The aforementioned Microstar had a number 27 hit back in 1977, called "(Cor Baby That's) Really Free", but after that his career went downhill. Luckily for us, he's back! And in a remarkably novel way. You see, he created a CD of songs and got his fans to vote on which ones they liked the most. The idea was to get him back in the charts for his 50th birthday. And where did the song enter the charts? Higher than number 27? Did it ever! It's number 9!!!

And how entertaining was he? Hilarious! Completely hilarious! And the lyrics are just... well, hilarious! If you don't believe me when I say it's hilarious, you can watch last night's performance here! I mean, it's gotta be better than Holly Valance, right? :)

And I'm clearly not the only person who thought he was hilarious. You can vote on which performance was the best, and he's currently winning with a massive 70.8% of the votes! Poor little pop idol Gareth Gates is way behind (in second place, mind you) with 14.9% Mwahahahhaa!

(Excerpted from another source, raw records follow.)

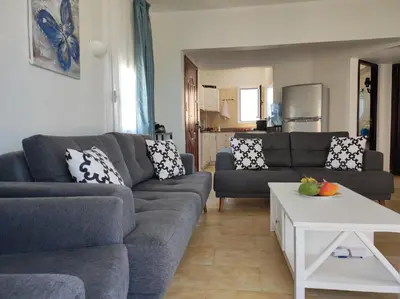 a living room with two couches and a table at Chalet Stella Makadi Beach 5* in Hurghada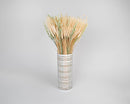 Bulk bundle of dried natural mixed grain wheat with long stems in striped white vase.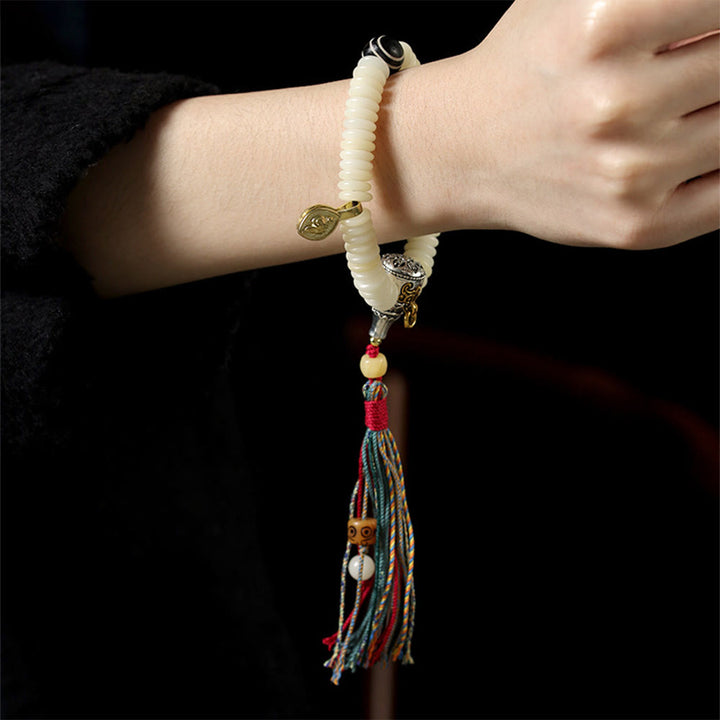 Pulsera Mala con borla de sabiduría y piedra de semilla de Bodhi blanca natural de Buddha Stones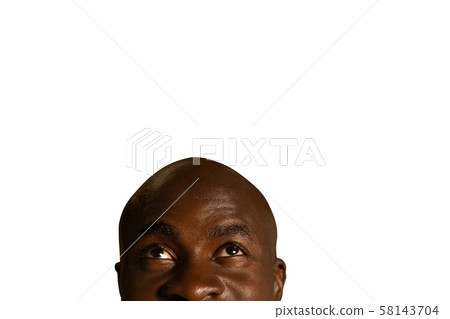 Young man looking up Young man looking up 58143704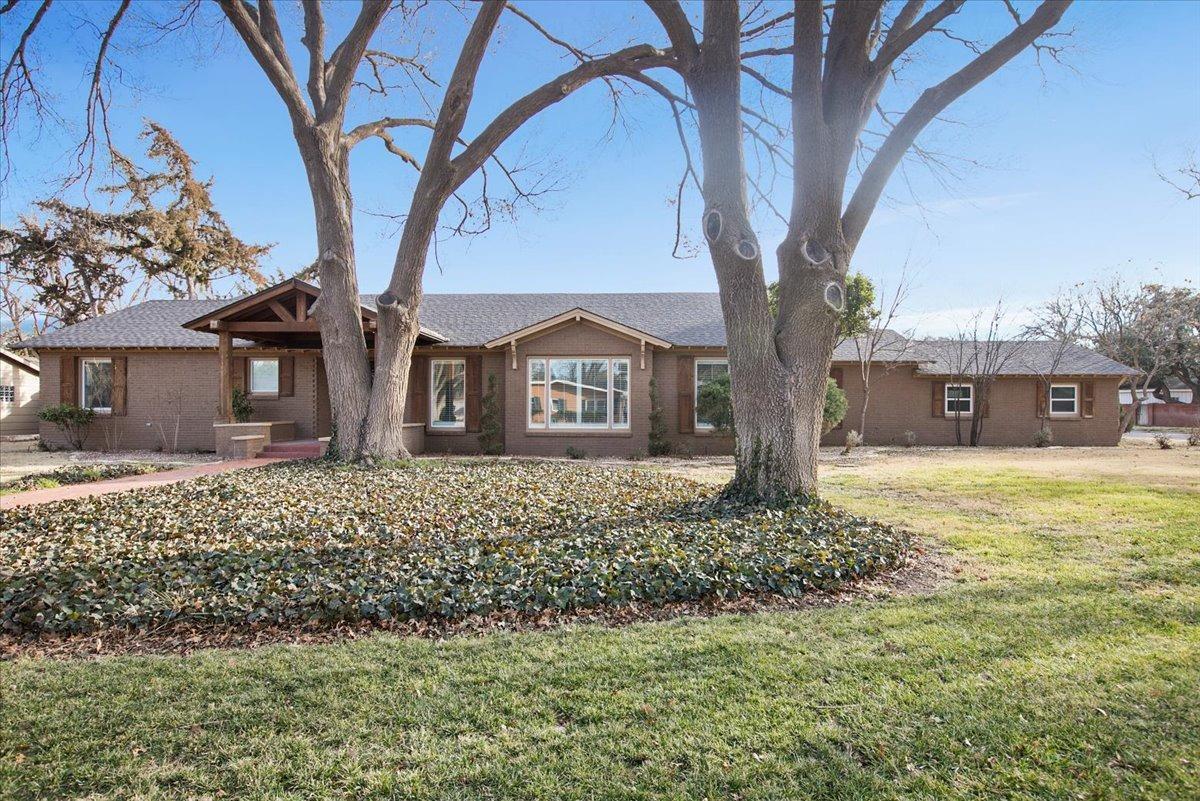 Located on premier block of the popular Rush neighborhood. If you need to be close to Texas Tech, LCU, downtown or the hospitals and like trees, you need to put this one on your list!  This 4 bedroom, 4 bath home has been updated from head to toe with high end finishes. Handscraped wood floors can be found throughout. The amazing kitchen includes beautiful quartz countertops, large island, stunning backsplash and stainless steel appliances. Family room offers high cathedral ceiling with spectacular beams. A second isolated master also makes a great studio/flex space. You will not only find many cosmetic updates, but also newer HVAC, plumbing and electrical. An 800 square foot back house comes complete with full kitchen, living, bedroom and bathroom, updated with modern luxuries and amenities. Spacious back yard with patio and firepit area. Plenty of space to add pool if desired. Call your favorite Realtor and go check it out today!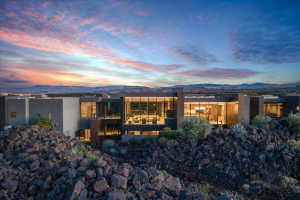 Contemporary architecture featuring extensive floor-to-ceiling windows, multiple balconies, a flat roofline, and a stucco exterior with stone accents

The amazing thing is that he's reached nine in the chart even though several major retailers have refused to sell his song. Yes, the shops include my former employer WHSmith. (As well as Woolworths and Asda.) Shame on you! When I think about how I was forced to push Will Young on everyone who came in, I feel even more ashamed! *grin*

If this isn't weird enough, wait until you see the lyrics. They were inspired by his daughter's homework - it's all about chemistry. Well, in a strange way. Oh, I'll just put the lyrics (as I worked them out) in here and you can see for yourself!

I didn't have the very beginning, so it starts halfway through the spoken bit. Sad.

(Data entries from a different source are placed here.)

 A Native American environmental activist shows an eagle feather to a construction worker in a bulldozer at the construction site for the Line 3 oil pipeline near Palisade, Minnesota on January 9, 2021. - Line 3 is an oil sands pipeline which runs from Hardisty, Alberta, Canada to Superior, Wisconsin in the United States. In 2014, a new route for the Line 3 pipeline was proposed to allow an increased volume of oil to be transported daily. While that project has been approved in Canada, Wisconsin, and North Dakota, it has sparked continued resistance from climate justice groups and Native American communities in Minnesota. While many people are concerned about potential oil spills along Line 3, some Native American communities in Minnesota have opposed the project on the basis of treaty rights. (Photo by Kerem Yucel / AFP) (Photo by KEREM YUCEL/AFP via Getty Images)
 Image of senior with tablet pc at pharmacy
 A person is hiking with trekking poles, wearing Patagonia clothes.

And the "acid" "I said" play on words... well, I wasn't sure how to write it down.

It's based around the disco classic - I'm sure you'd have noticed that, but hey.

So without further ado, the lyrics to John Otway's sensational new hit, Bunsen Burner!

(spoken) …basic organic chemistry.

I’m an alchemist baby,
I can turn heavy metal into gold.
I can make an unstable compound
Of mercury explode.
I can make you glow,
I can make you phosphoresce.
I can burst your bubble!
I can make you effervesce.
Science tells us love’s a chemical reaction in the brain,
So let me be your Bunsen burner,
Let me be your naked flame!

(Burn baby burn)
Let me be your Bunsen burner!
(Burn baby burn)
Let me be your naked flame!
(Burn baby burn)
Let me be your Bunsen burner!
(Burn baby burn)
Let me be your naked flame!

You’re gonna turn bright red
When I do my litmus test on you.
Acidulous, acid it is,
And what I said is true!
Check out what’s in the test tube baby,
You’re my little pipette.
You’re my favourite piece of apparatus
In my chemistry set!
Science tells us love’s a chemical reaction in the brain,
So let me be your Bunsen burner,
Let me be your naked flame!

(Burn baby burn)
Let me be your Bunsen burner!
(Burn baby burn)
Let me be your naked flame!
(Burn baby burn)
Let me be your Bunsen burner!
(Burn baby burn)
Let me be your naked flame!
(Burn baby burn)

(spoken) In order to achieve a faster, more sustainable reaction you must obviously use some form of catalyst. Or, possibly, a source of heat. For instance…

(Burn baby burn)

(spoken) …the Bunsen burner.

(instrumental)

You’re the kind of carbon
That I can date.
You’re the element that makes me passionate.
There’s a chemistry experiment I wanna try in my brain,
So come close to the Bunsen burner,
Feel the heat of the naked flame.
Science tells us love’s a chemical reaction in the brain,
So let me be your Bunsen burner,
Let me be your naked flame!

(Burn baby burn)
Let me be your Bunsen burner!
(Burn baby burn)
Let me be your naked flame!
(Burn baby burn)
Let me be your Bunsen burner!
(Burn baby burn)
Let me be your naked flame!
(Burn baby burn)
I know what I’m doing, I am a chemist.
(Burn baby burn)
Now this is quite interesting.
(Burn baby burn)
Have you tried covalent bonding?
(Burn baby burn)
Let’s try putting these two together!

(EXPLOSION!)

Heh heh heh, carbon that I can date.

I love it. :D


Friday, October 11

Wow, can you imagine what would happen if Christopher Judge looked at this blog? He'd not only think I was a weird obsessive stalker, but he'd think I had deep psychological problems!

Darn it!


I'd like to be able to say I now feel great, but I still don't feel on top form. But it's nothing to worry about. Maybe this is all a test to see how many of you e-mail me to make me feel better! Now I know who my real friends are! *grin*

Seriously, I think everyone goes through blue times, don't they? If it's just me then I'm in trouble!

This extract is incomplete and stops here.